Ia menyampaikan ada sekitar 70 sekolah bakal mengalami penggabungan di Kota Pekanbaru. Merger ini adalah upaya mengoptimalkan penggunaan ruang kelas belajar sekaligus rombongan belajar di sekolah.

Proses penggabungan setelah ada pelantikan kepala sekolah SD Negeri dan SMP Negeri di Kota Pekanbaru.

Menurutnya, persoalan tersebut telah dibahas bersama Wali Kota Pekanbaru Agung Nugroho. Pemko Pekanbaru juga telah mengusulkan agar sekolah-sekolah yang saat ini dipimpin kepala sekolah berstatus pelaksana tugas (Plt) segera memiliki kepala sekolah definitif.

Percepatan penetapan kepala sekolah definitif dinilai penting karena berkaitan dengan sejumlah program pemerintah kota, termasuk bantuan revitalisasi sekolah serta penggunaan dana Bantuan Operasional Sekolah (BOS).

"Yang pertama, bantuan pemerintah tentang revitalisasi. Salah satu syarat utamanya kepala sekolah tidak boleh berstatus Plt. Yang kedua, berkaitan dengan penggunaan dana BOS," jelas Jamal.

Untuk mempercepat proses tersebut, Disdik akan memprioritaskan sekolah yang kepala sekolahnya telah memasuki masa pensiun dan saat ini hanya dipimpin oleh Plt. Kepala sekolah yang sudah pensiun dan posisinya kemudian diisi oleh Plt akan dipercepat proses penetapan kepala sekolah definitifnya.

Meski demikian, pengangkatan kepala sekolah definitif tidak dapat dilakukan secara langsung. Para calon kepala sekolah harus memenuhi sejumlah persyaratan yang telah ditetapkan pemerintah pusat serta mendapatkan persetujuan dari Balai Guru dan Tenaga Kependidikan (BGTK).

"Kami berkoordinasi dengan BGTK. Kalau sudah memenuhi persyaratan, prosesnya kami lanjutkan dan bisa dilakukan pelantikan," ungkap Jamal.

Ia menjelaskan, calon kepala sekolah harus mengikuti sejumlah tahapan dan memenuhi ketentuan yang berlaku, termasuk persyaratan pendidikan, usia, hingga pelatihan kepala sekolah.

Setelah seluruh persyaratan terpenuhi, proses penentuan pejabat kepala sekolah definitif selanjutnya dilakukan melalui mekanisme Badan Pertimbangan Jabatan dan Kepangkatan (Baperjakat).
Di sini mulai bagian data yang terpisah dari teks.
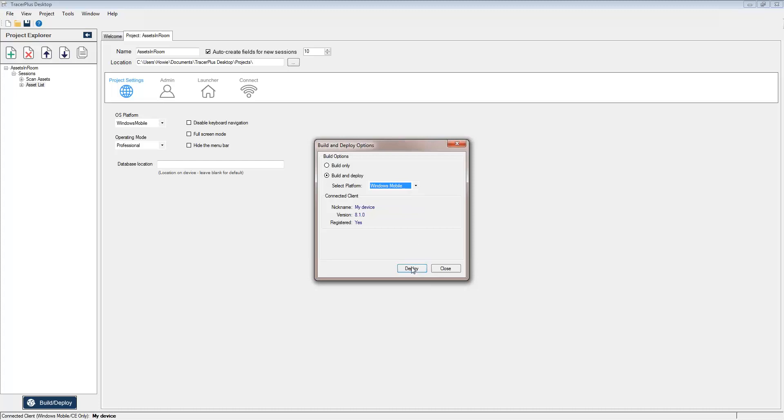In this case, I'll select Windows Mobile. And lastly, just click the Deploy button here. This will package the application that you downloaded from our solution center and deploy it to your connected mobile device.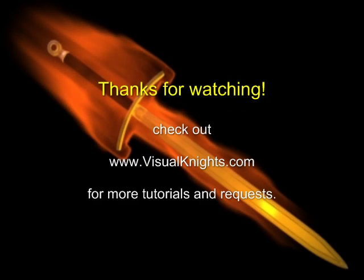You can check out this YouTube channel for more video tutorials about 3D Max. I hope you enjoyed it and I hope to see you again. Goodbye.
"Syaratnya minimal S1. Kemudian ada ketentuan lainnya, termasuk pelatihan kepala sekolah dan persyaratan usia. Setelah memenuhi seluruh syarat, barulah Baperjakat yang menentukan," papar Abdul Jamal.

Dengan penataan kepala sekolah tersebut, Disdik Pekanbaru berharap proses merger sekolah yang kekurangan murid dapat segera dilaksanakan. Selain menjadi bagian dari penataan satuan pendidikan, langkah tersebut juga diharapkan dapat membuat pengelolaan sekolah lebih efektif dan mendukung optimalisasi program pendidikan di Kota Pekanbaru.